• _Assigned task_: Transcribe the records below exactly as written, from the opening line through the line that contains "Mavi Mikrofon simgesi".

------

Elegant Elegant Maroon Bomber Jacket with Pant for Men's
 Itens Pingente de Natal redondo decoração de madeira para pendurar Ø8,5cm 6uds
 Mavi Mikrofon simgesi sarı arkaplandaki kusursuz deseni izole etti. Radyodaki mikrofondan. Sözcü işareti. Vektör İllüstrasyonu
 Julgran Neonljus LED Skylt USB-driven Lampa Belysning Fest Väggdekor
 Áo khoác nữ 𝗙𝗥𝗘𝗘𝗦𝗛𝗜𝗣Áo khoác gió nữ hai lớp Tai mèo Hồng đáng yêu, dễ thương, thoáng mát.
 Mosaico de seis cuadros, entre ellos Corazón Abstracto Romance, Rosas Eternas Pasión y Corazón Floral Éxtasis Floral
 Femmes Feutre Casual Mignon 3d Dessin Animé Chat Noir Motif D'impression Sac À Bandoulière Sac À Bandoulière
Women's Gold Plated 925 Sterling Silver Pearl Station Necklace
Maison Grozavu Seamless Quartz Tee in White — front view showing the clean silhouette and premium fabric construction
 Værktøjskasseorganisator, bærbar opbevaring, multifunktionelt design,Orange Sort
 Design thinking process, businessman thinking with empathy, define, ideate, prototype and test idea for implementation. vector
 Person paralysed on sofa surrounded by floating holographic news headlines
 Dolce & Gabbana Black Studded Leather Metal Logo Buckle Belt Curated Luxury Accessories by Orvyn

------

• _Expected answer_:
Elegant Elegant Maroon Bomber Jacket with Pant for Men's
 Itens Pingente de Natal redondo decoração de madeira para pendurar Ø8,5cm 6uds
 Mavi Mikrofon simgesi sarı arkaplandaki kusursuz deseni izole etti. Radyodaki mikrofondan. Sözcü işareti. Vektör İllüstrasyonu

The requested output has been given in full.